Records for this exercise>
◆ ◆ ◆ ◆ ◆ ◆ ◆
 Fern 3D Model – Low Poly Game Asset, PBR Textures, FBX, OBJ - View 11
◆ ◆ ◆ ◆ ◆ ◆ ◆
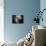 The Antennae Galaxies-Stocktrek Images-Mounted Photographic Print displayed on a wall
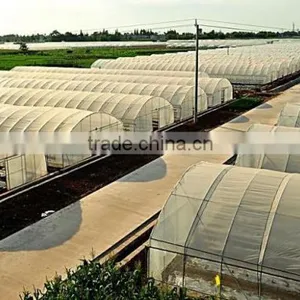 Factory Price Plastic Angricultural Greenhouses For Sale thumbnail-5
◆ ◆ ◆ ◆ ◆ ◆ ◆
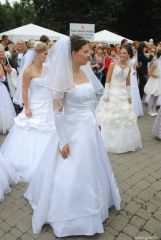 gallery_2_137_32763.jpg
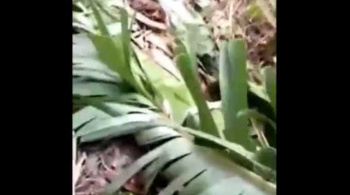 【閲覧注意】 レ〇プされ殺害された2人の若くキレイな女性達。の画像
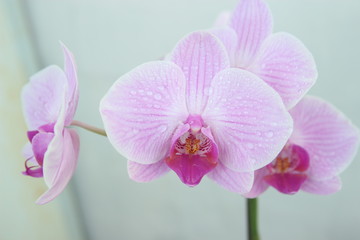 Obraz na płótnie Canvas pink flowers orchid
◆ ◆ ◆ ◆ ◆ ◆ ◆
The task> Each line above from the one containing "gallery_2_137_32763.jpg" through the one containing "Obraz na płótnie Canvas pink flowers orchid" is to be returned verbatim. Nothing else, and no pictures.

Worked solution>
 gallery_2_137_32763.jpg
 【閲覧注意】 レ〇プされ殺害された2人の若くキレイな女性達。の画像
 Obraz na płótnie Canvas pink flowers orchid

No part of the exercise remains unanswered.